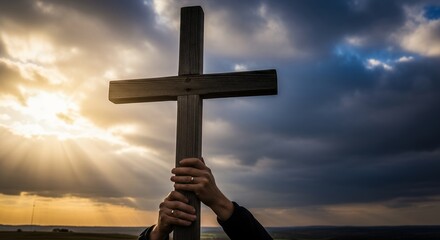 Hands holding wooden cross against a dramatic sky with sun rays, concept for faith illustration, religious symbol and christianity worship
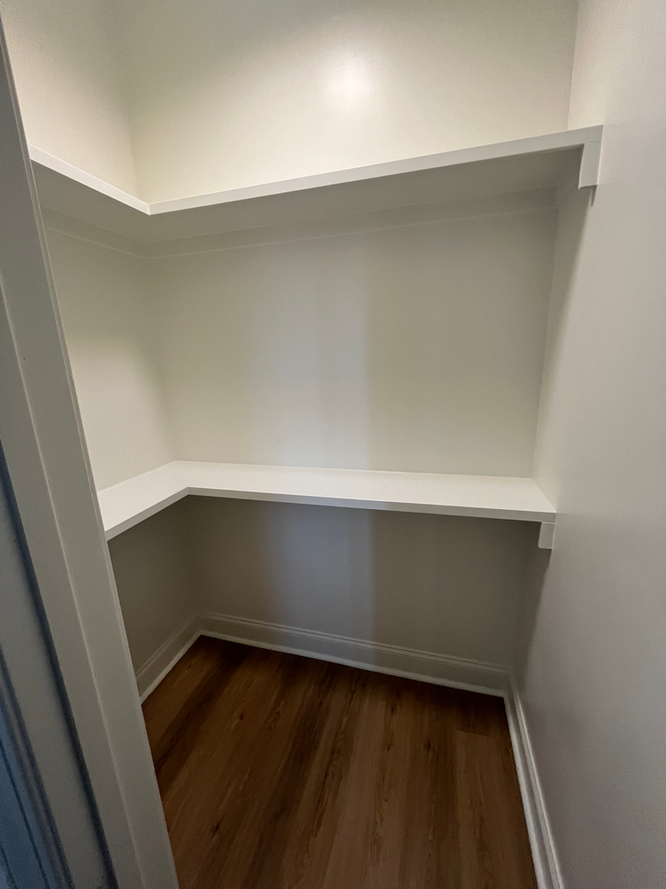 A small closet with hardwood floors and white shelves.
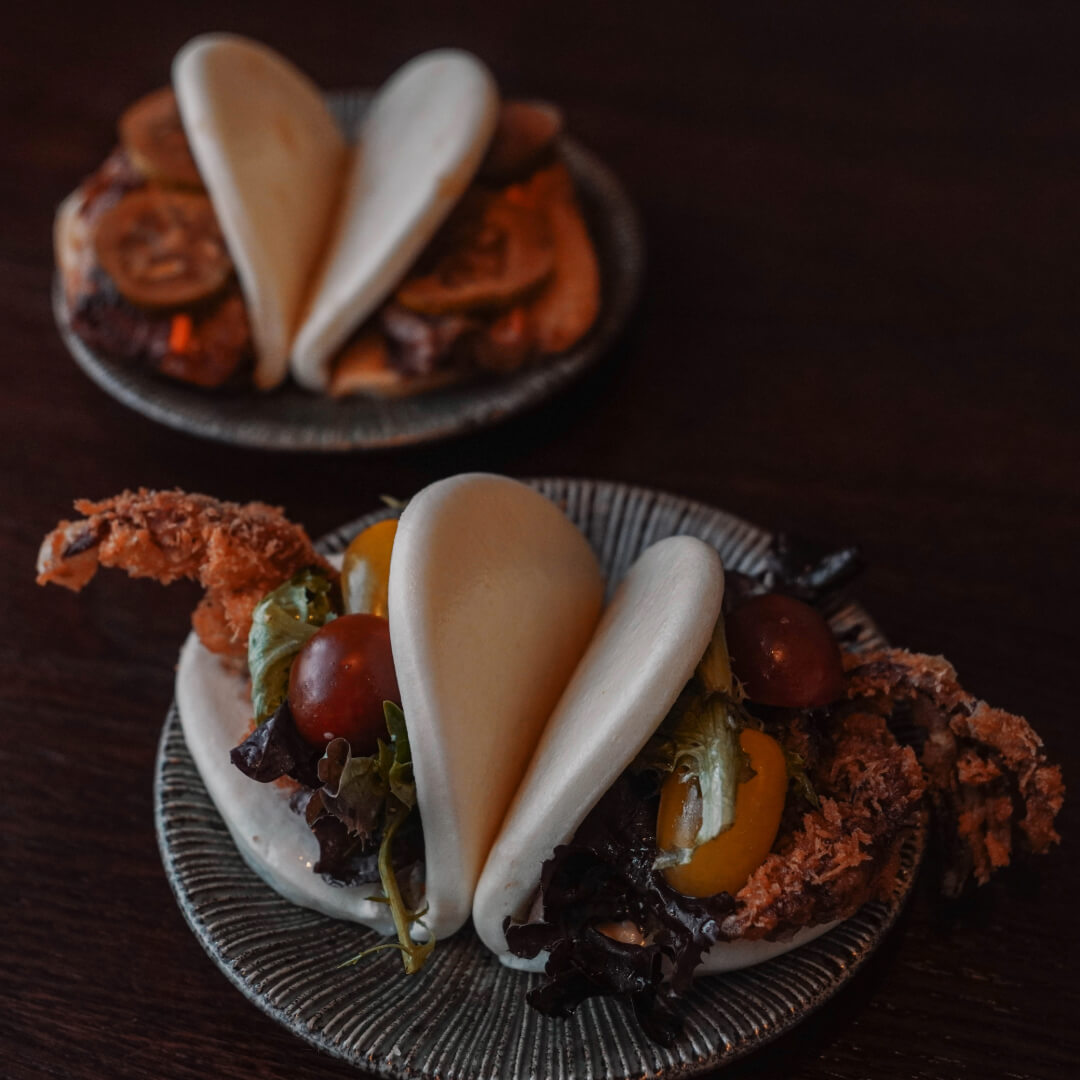 Spider bao with soft-shell crab tempura and chashu bao on ceramic plates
|---|
#### Task statement
The expected answer is the data retyped exactly, without pictures.

#### Task answer
 Hands holding wooden cross against a dramatic sky with sun rays, concept for faith illustration, religious symbol and christianity worship
 A small closet with hardwood floors and white shelves.
 Spider bao with soft-shell crab tempura and chashu bao on ceramic plates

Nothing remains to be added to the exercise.